Antisense Therapeutics Limited: Statistically significant modulation in two DMD disease modifier proteins supports potential of ATL1102 in ambulant DMD and fibrotic conditions

-          Statistically significant mean modulation at 24 weeks compared to baseline in Thrombospondin-1 (TSP-1) and Latent TGF-beta-binding protein 4 (LTBP4) levels, two proteins that modify the rate of loss of ambulation in DMD

-          Increase at 24 weeks in plasma VCAM-1 supportive of the ATL1102 mechanism of action of reducing CD49d on the surface of cells to which soluble VCAM-1 is bound, and in CXCL16 which can promote muscle regeneration

-          Positive effects on LTBP4 and TSP-1 positions ATL1102 as an exciting prospect for the treatment of both non-ambulant and ambulant patients with DMD and the treatment of other muscle and fibrotic conditions.

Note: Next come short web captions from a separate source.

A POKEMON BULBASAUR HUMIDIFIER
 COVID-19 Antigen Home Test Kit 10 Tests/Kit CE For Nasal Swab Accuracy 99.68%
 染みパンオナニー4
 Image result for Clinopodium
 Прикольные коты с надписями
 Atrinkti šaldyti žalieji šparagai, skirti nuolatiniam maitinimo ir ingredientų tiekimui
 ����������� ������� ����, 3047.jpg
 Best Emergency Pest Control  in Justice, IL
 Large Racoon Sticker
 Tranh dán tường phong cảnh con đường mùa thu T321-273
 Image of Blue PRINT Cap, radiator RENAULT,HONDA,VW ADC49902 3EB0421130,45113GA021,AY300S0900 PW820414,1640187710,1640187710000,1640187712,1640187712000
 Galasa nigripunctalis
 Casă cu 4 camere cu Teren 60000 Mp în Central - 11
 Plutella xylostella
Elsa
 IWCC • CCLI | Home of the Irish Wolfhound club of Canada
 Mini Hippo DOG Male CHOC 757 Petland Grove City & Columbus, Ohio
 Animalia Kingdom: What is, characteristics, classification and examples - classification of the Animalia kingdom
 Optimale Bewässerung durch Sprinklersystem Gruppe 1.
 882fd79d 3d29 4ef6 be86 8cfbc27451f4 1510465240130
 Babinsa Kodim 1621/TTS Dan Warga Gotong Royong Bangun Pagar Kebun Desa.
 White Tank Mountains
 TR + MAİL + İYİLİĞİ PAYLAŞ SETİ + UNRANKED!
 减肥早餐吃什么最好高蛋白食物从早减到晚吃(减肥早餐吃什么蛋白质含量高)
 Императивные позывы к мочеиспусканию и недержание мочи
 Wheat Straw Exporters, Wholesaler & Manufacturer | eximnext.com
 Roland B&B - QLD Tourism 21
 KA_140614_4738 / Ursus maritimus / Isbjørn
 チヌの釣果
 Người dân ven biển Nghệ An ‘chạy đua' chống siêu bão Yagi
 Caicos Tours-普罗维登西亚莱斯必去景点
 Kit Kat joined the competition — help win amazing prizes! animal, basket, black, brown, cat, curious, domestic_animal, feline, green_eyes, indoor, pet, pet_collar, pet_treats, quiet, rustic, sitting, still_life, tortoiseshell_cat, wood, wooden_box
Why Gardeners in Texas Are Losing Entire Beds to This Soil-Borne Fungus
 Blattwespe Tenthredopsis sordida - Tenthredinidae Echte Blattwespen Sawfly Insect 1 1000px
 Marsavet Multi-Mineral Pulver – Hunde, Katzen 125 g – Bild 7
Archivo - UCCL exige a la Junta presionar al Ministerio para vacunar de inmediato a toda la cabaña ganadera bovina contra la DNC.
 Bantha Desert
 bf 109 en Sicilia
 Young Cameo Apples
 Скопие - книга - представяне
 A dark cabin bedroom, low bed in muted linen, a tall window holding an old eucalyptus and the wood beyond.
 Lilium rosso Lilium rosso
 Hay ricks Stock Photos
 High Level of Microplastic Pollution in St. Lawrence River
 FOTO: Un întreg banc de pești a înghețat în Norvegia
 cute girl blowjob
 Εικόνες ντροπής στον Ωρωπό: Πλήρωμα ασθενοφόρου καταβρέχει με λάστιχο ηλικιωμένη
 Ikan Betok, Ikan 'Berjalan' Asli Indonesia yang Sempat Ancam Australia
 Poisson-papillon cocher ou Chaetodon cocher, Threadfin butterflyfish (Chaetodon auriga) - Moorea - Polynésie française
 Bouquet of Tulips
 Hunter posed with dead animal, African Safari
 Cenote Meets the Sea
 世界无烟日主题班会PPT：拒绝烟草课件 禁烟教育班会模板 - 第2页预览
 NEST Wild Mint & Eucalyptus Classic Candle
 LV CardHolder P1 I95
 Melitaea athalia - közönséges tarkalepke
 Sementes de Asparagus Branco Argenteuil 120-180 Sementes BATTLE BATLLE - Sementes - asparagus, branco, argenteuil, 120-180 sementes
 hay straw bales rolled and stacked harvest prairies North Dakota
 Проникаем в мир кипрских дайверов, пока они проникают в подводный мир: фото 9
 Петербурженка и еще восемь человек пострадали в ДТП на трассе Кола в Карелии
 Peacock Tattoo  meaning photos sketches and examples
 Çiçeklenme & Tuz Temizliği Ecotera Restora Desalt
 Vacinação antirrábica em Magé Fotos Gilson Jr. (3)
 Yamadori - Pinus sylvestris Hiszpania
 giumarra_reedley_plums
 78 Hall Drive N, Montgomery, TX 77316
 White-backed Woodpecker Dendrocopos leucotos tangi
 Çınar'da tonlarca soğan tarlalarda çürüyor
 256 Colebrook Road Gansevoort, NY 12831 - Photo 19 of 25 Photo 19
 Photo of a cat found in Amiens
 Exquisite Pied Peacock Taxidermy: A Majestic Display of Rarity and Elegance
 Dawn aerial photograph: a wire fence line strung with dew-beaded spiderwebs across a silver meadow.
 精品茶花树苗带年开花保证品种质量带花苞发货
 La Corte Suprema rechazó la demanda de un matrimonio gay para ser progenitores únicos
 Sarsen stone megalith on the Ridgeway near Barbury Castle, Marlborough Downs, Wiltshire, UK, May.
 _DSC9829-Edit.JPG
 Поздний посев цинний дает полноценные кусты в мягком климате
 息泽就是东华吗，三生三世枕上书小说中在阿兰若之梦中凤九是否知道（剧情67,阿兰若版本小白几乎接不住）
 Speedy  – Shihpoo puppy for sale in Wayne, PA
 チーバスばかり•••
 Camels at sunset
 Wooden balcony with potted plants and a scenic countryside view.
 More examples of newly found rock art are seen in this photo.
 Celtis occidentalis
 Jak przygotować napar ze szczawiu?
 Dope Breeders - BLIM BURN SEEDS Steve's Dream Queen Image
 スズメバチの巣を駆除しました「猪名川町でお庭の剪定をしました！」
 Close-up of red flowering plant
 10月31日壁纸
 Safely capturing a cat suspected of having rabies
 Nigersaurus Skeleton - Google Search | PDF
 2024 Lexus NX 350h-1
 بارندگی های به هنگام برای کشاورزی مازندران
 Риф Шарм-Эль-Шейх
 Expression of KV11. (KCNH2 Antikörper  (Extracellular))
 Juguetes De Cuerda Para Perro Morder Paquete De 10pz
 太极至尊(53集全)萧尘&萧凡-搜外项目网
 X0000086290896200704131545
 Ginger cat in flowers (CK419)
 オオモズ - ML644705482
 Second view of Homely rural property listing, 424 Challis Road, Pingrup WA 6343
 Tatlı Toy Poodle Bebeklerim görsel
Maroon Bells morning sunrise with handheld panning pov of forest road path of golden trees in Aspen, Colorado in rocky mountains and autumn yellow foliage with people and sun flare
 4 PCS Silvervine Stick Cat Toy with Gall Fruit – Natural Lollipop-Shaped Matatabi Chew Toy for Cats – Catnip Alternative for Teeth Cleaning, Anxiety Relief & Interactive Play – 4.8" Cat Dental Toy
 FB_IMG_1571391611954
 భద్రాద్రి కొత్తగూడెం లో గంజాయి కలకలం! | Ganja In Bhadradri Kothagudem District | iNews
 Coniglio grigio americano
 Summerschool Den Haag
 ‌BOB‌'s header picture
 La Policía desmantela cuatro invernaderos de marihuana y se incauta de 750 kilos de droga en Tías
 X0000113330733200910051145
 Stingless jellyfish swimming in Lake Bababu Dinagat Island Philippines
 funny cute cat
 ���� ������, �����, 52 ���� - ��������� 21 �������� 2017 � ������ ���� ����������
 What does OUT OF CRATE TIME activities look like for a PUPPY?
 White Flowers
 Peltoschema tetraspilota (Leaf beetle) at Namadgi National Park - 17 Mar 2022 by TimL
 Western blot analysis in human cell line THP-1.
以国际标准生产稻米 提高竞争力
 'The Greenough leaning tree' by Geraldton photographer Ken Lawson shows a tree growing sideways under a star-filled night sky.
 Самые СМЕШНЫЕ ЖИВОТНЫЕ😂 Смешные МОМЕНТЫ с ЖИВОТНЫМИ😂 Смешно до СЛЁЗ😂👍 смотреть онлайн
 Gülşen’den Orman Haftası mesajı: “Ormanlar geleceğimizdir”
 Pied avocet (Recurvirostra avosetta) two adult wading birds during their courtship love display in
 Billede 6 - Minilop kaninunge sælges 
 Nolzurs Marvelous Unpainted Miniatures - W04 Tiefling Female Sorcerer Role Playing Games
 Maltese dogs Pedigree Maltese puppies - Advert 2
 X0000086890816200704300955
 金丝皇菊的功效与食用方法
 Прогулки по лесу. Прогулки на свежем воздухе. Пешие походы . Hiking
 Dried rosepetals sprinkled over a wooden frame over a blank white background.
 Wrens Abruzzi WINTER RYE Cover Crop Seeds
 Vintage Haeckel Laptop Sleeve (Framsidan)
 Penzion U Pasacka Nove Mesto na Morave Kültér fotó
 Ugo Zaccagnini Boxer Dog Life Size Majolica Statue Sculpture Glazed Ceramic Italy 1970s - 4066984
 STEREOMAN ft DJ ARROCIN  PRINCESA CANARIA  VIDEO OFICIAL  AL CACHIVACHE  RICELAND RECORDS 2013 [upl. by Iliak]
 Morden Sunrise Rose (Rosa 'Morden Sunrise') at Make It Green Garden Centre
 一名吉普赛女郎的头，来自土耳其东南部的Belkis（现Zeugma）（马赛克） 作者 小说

-          New Provisional Patent application filed covering this new data and ATL1102 applications.

Antisense Therapeutics Limited [ASX:ANP | US OTC:ATHJY | FSE:AWY] today announced that the ATL1102 Phase II non-ambulant DMD patient plasma protein data was presented today at the 26th International Annual Congress of the World Muscle Society in the late breaking news poster titled “ATL1102 treatment in non-ambulant boys with DMD modulates Latent TGF-beta-binding protein 4, and thrombospondin-1, two disease genetic modifiers of ambulant DMD, and CXCL16” (see conference abstract and link to the poster below). 

ATL1102 was assessed in an open label Phase II study in adolescent non-ambulant patients with DMD demonstrating highly promising trial results. Planned as part of the Phase II study, a large-scale protein analysis (known as a proteomics analysis) of retained blood plasma samples from the non-ambulant DMD patients treated with ATL1102 was undertaken to identify the proteins affected so as to provide further insight into the mode of action and biological activity of ATL1102.

At the end of the 24 week dosing period, ATL1102 treated patients demonstrated a statistically significant mean reduction in Thrombospondin-1 (-49%), and increases in LTBP4 (20.7%), soluble CXCL16 (29.9%), and VCAM-1 (18.0%) compared to baseline levels (FDR p-value <0.0005). 

The ATL1102 induced positive LTBP4 increases and TSP-1 decreases in plasma indicates that ATL1102 modifies the levels of two proteins involved in modifying the rate of loss of ambulation (LoA) in DMD. LTBP4 sequesters TGF-β to keep it latent and TSP-1 activates latent TGF-β with LTBP4 and TSP-1 both involved in the fibrotic process in DMD.  

-          An inherited minor form of the TSP-1 gene with reduced expression of TSP-1 has been reported as being protective against loss of ambulation in DMD.

-          A rare recessive inherited form of the LTBP4 gene in 12% of patients with greater levels is associated with milder DMD providing 1-2 years delayed loss of ambulation5,6.

ATL1102 modulation of these two DMD disease modifier proteins known to impact TGF-β and the rate of loss of ambulation in DMD patients supports ATL1102’s potential use in ambulant patients with DMD, and as an agent to reduce fibrosis in other human diseases.

ATL1102’s effect in increasing blood levels of (i) soluble VCAM-1 (sVCAM-1), a CD49d ligand, is supportive of ATL1102’s antisense mechanism of action in reducing CD49d to reduce sVCAM-1 bound to CD49d, and in reducing inflammation7, and (ii) soluble CXCL16, a chemokine with a role in muscle regeneration8, appears to align with the positive effects on muscle structure observed under MRI in the ATL1102 Phase II trial. These plasma proteins were increased such that they approached the median levels seen in an external control dataset of healthy adults, supporting the beneficial nature of the outcomes in ATL1102 treated DMD patients.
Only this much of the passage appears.